Once you reach the line containing "Toyota Camry Vehicle Image 28" in the entries below, write out that line and each one after it down to the line containing "HYUNDAI STAREX GRAND 2012", exactly and with nothing added.
===== RAW DATA
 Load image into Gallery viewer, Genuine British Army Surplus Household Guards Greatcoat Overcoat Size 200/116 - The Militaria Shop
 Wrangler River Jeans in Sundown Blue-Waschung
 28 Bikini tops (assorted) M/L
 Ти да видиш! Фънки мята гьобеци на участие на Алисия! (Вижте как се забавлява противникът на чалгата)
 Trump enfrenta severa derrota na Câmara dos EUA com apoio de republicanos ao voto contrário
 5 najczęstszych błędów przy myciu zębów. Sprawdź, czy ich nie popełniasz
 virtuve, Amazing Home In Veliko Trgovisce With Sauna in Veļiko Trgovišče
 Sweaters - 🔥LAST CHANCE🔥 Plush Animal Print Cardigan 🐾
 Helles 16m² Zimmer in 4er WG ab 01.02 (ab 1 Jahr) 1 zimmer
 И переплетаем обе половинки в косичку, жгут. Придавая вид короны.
==========
===== RAW DATA
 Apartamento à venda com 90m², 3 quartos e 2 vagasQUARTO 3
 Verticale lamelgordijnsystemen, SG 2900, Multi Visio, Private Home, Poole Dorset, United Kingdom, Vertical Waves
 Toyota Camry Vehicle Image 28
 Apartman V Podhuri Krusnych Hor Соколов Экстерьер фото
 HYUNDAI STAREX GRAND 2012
==========
## FINISHED TASK
 Toyota Camry Vehicle Image 28
 Apartman V Podhuri Krusnych Hor Соколов Экстерьер фото
 HYUNDAI STAREX GRAND 2012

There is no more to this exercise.